The Worst Romantic Lessons from Videogames

Video game have decided that they must have romantic options, and they do it the same way every social shut-in who decides they suddenly need romantic options: clumsily, loudly, and with a ludicrously simplistic idea of how human relationships work. Every AAA release has decided it needs a romantic subplot, even when the main plot is best described as “insane chain-reacting-fireworks murderer”. But you can’t expect subtlety from people who program games about exploding entire species and decide halfway through that they want to add a boning simulator.

Though one game did get it right. (Source: Volition)

Though one game did get it right. (Source: Volition)

Prepare yourself for Valentine’s day with videogames. Which has the advantage of working whether you’re dating or not.

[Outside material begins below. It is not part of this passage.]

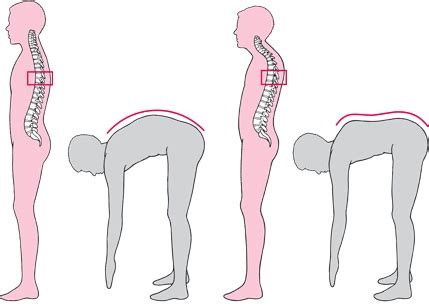 Kyphosis Treatment - Hudson Valley Scoliosis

And behold: a bonus entry! Cut for word count, but restored for you, the worst lesson found in the most games!

One Love Fits All

Do you like girls? You better hope so, because most games think you love girls. In virtual worlds where “conservation of energy” means saving your plasma ammunition, and gravity is just a gentle reminder, heteronormativity is the only inviolable law. Fantastical lands of imagination where you’re allowed to select any body type and gender you want for beating up strangers, but love means taking what you’re given by the Love Interest Clone (TM) factory.

Which is weird, because sex is where our species has spent most of its imagination since it worked out it had one.